问题
I'm trying to solve this problem on SPOJ INUMBER.
Problem statement is as follows:
For the given number n find the minimal positive integer divisable by n, with the sum of digits equal to n.
INPUT
t – the number of test cases, then t test cases follow. (t <= 50)
Test case description: n - integer such that 0 < n <= 1000
OUTPUT
For each test case output the required number (without leading zeros).
EXAMPLE:
Input:
2
1
10
Output:
1
190
I can only think of a brute force solution emulating the number digit by digit from 0-9 and forming a dfs structure and repeatedly checking whether it's divisible by n or not.
Before asking my question here, I did a meticulous search on this problem on the internet and couldn't found any detailed explanation. Most of them were undocumented raw code and others were giving just a jist of the solution.
I'm really interested in solving this problem not just for the points but to learn something new.
Thanks for the help Stackoverflow community :)
回答1:
You can use a breadth first search.
Let num(p, q) be the minimum number of digits with digit sum p and remainder mod n equal to q.

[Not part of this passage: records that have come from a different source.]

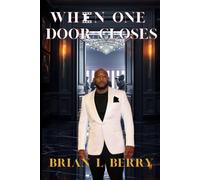 When One Door Closes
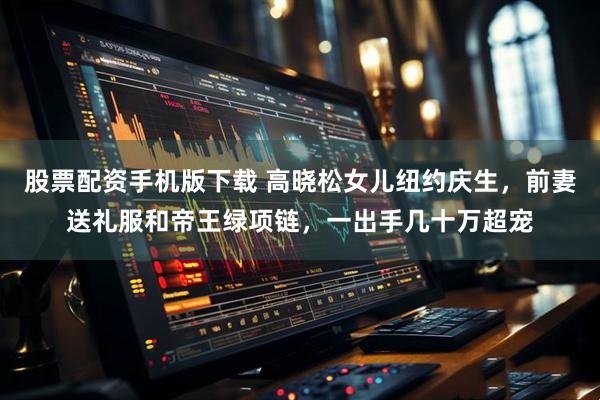 股票配资手机版下载 高晓松女儿纽约庆生，前妻送礼服和帝王绿项链，一出手几十万超宠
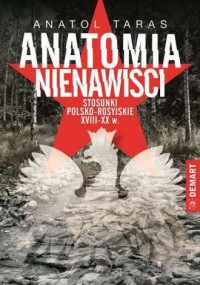 Anatomia nienawiści. Stosunki polsko-rosyjskie - okładka książki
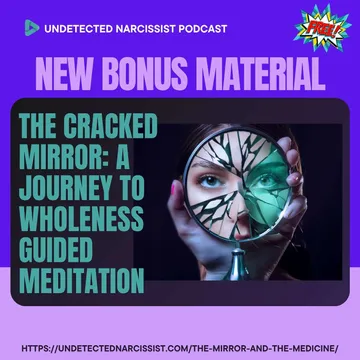The Undetected Narcissist Podcast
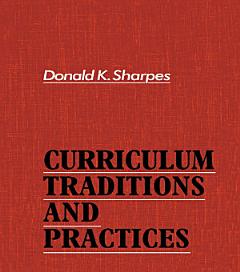 Curriculum Traditions and Practices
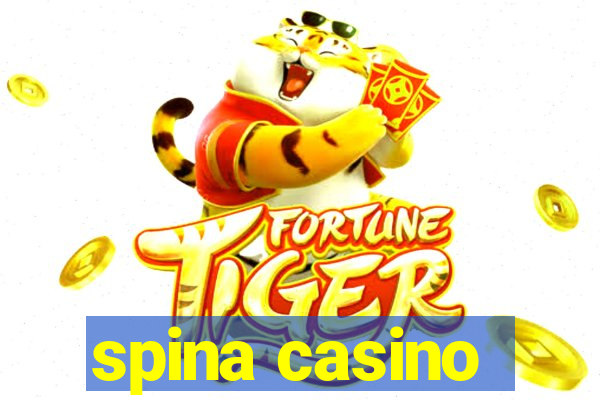 spina casino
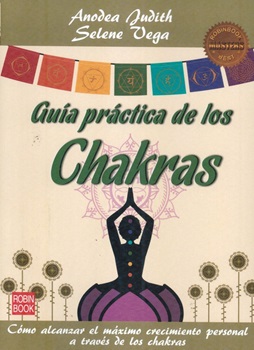 Guia Practica De Los Chakras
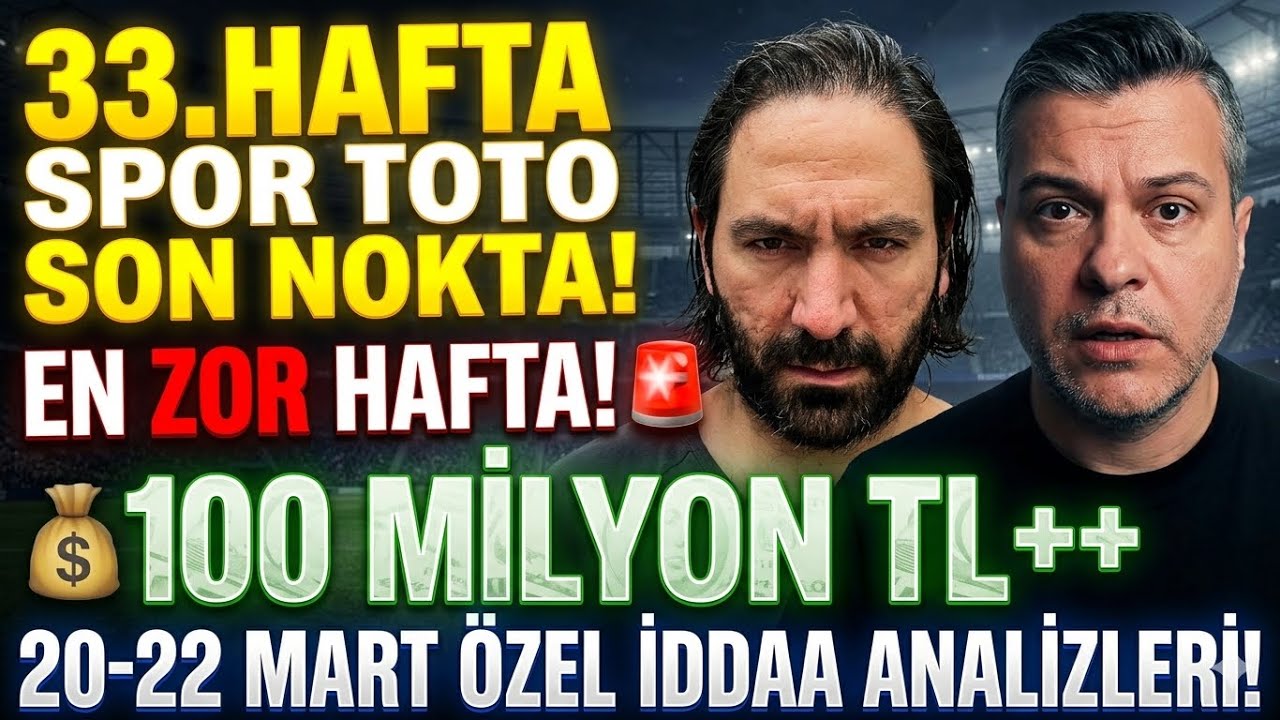 🔥 Tehlikeli Hafta! Toto 33. Hafta Son Güncellemeler & Avrupa Dönüşü Detaylı İddaa Analizleri ⚽🔥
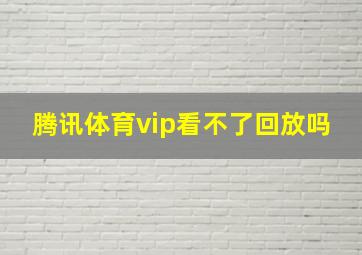 腾讯体育vip看不了回放吗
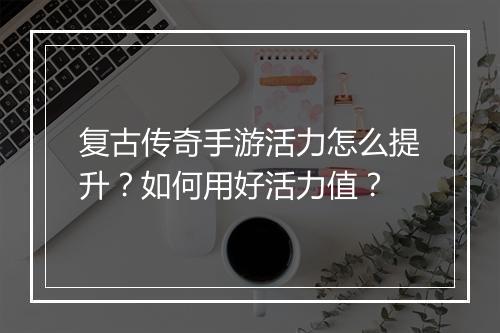 复古传奇手游活力怎么提升？如何用好活力值？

We want to find num(n, 0). Then, we can greedily build the smallest such number.
We start from the state (0, 0). From a state (x, y) you can get to a state:
(x + j, (y * 10 + j) % n)
for each digit j.
Keep track of each digit j you add and then backtrack from (n, 0) to (0, 0).
There are some implementation details to figure out. If you get stuck, I have found some implementations online: on topcoder and on github.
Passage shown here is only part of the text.